Ockham's razor -- namely, that all other things being equal, simpler explanations are generally better than more complex ones -- has had a longstanding role in clinical medicine. The call for diagnostic parsimony is not to be viewed as a rule, simply as a good principle to regularly follow. But Ockham's razor is equally useful in the context of interpreting clinical research -- as exemplified by an analysis of the adequacy of randomization in the two randomized trials reporting the most pessimistic and optimistic findings about screening mammography.
Although both trials were initiated over three decades ago, both published long-term follow-up data in the last few years. After 25 follow-up, the Canadian National Breast Screening Study reported that screening mammography had no effect on breast cancer mortality. After 29 of follow-up, the Swedish Two-County Trial reported that screening mammography reduced breast cancer mortality by 31 percent -- a figure, which adjusting for the 85 percent attendance rate, would translate to an estimated breast cancer mortality reduction for those attending screening of 36 percent (≈0.31/0.85).
Case I -- Canada
The Canadian National Breast Screening Study randomized 89,835 women to annual screening mammography or control. The study was initiated in 1980; the intervention period was five years. Since the initial publication of its findings in 1992, it has been the subject of intense criticism by a small group of physicians -- who appear to subscribe to the adage that if you repeat something often enough, it eventually becomes true. One criticism was the use of outdated mammographic technology, a concern that could be leveled at all the trials of screening mammography since they were initiated decades ago. The more serious criticism, however, was that the investigators had cheated: that randomization had been subverted and sicker women directed to the screening group. (When one of my 20-something-year-old MPH students parroted this concern last fall, it impressed me that the adage may well be correct.)
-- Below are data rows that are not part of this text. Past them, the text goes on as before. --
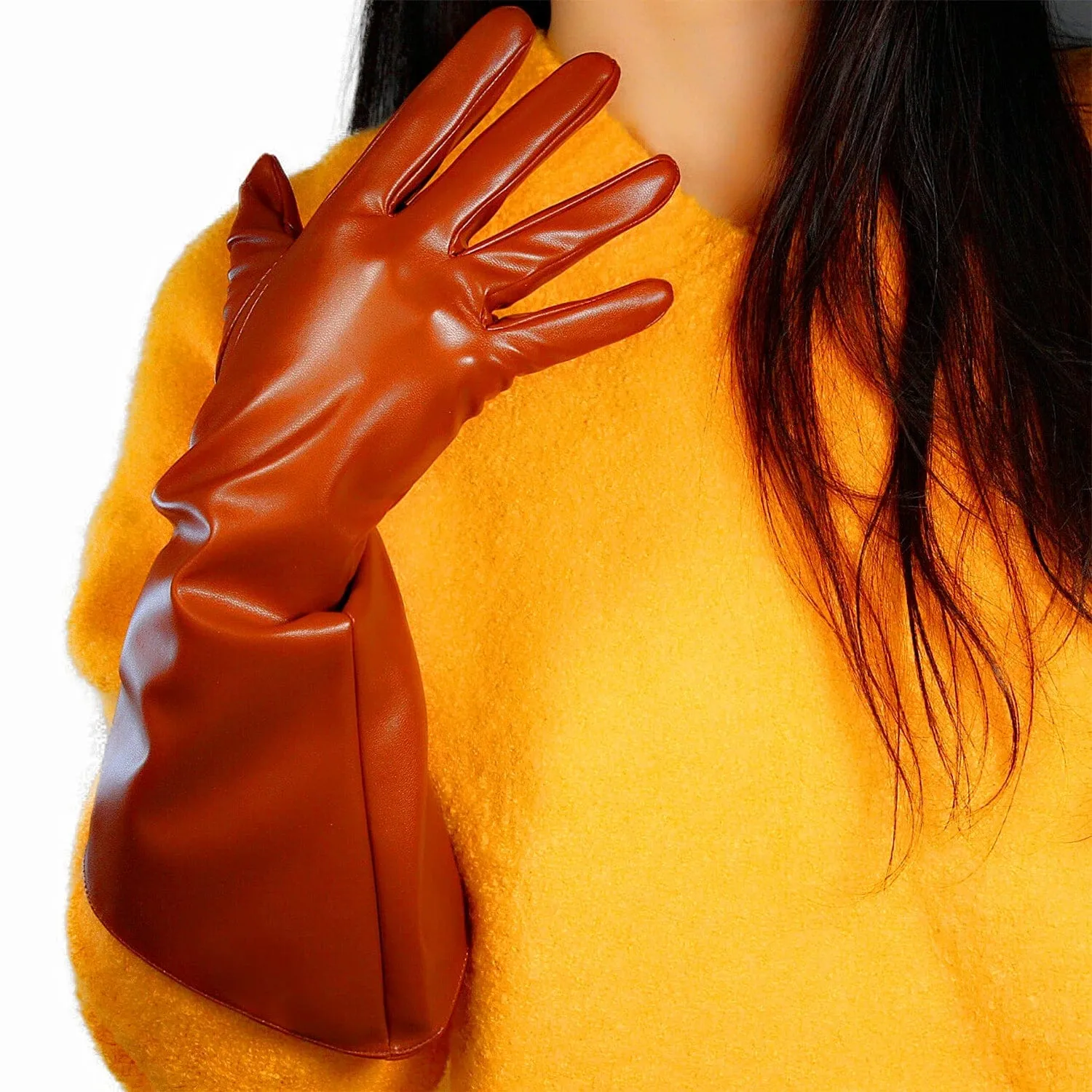 FIFTIES Faux Leather Gloves – Vintage Glam, Elbow-Length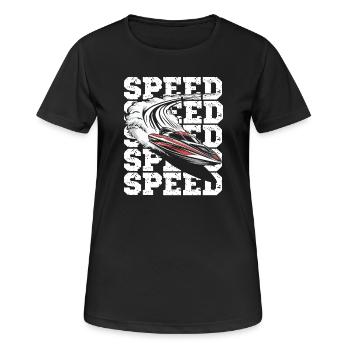  Geschwindigkeit Motorboot Abenteuer - Frauen T-Shirt atmungsaktiv - Schwarz - Vorne - AI Model Female 172 light (172cm)
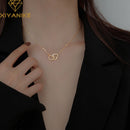 XIYANIKE Silver Color  New Love Double Heart-shaped Connected Hollow Pendant Necklace Light Luxury Female Clavicle Chain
Although not its primary intent, Figure 1 from the long-term follow-up speaks to the question of the adequacy of randomization. Guided by Ockham's Razor readers can ask themselves which is the simpler explanation for the superimposition of the survival curves: a.) the 89,835 women were allocated into two groups via a random process or b.) randomization was subverted, yet the sicker women randomized to screening benefited just enough -- but not too much -- from the screening program to match their survival with the control group.
Case II: Swedish Two-County
The Swedish Two-County trial investigated screening mammography every 24 (age
Evaluation of the full impact of screening, in particular estimates of absolute benefit and number needed to screen, requires follow-up times exceeding 20 years because the observed number of breast cancer deaths prevented increases with increasing time of follow-up.
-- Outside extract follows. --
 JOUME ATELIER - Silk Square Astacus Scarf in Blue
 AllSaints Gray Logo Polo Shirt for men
Although the Two-County trial included 133,065 women, the randomization was not at the level of individual. Instead 45 geographic clusters were randomized: 26 to screening and 19 to control. A similar randomization of clusters was used in the Edinburgh trial of screening mammography (87 physician practices). Because all-cause mortality was 20 percent lower in the group randomized to screening, everyone agrees that randomization failed and thus Edinburgh is routinely excluded in meta-analyses of screening mammography.
Again, although not its primary intent, Figure 2 from the long-term follow-up of the Two-Country trial speaks to the question of the adequacy of randomization. Guided by Ockham's Razor readers can ask themselves which is the simpler explanation for the growing divergence between the two curves: a.) the randomization of 45 geographic clusters failed to produce otherwise equivalent groups of women or b.) the cluster randomization produced equivalent groups and that the beneficial effect of two or three mammograms continues to increase over 20 years after they are obtained.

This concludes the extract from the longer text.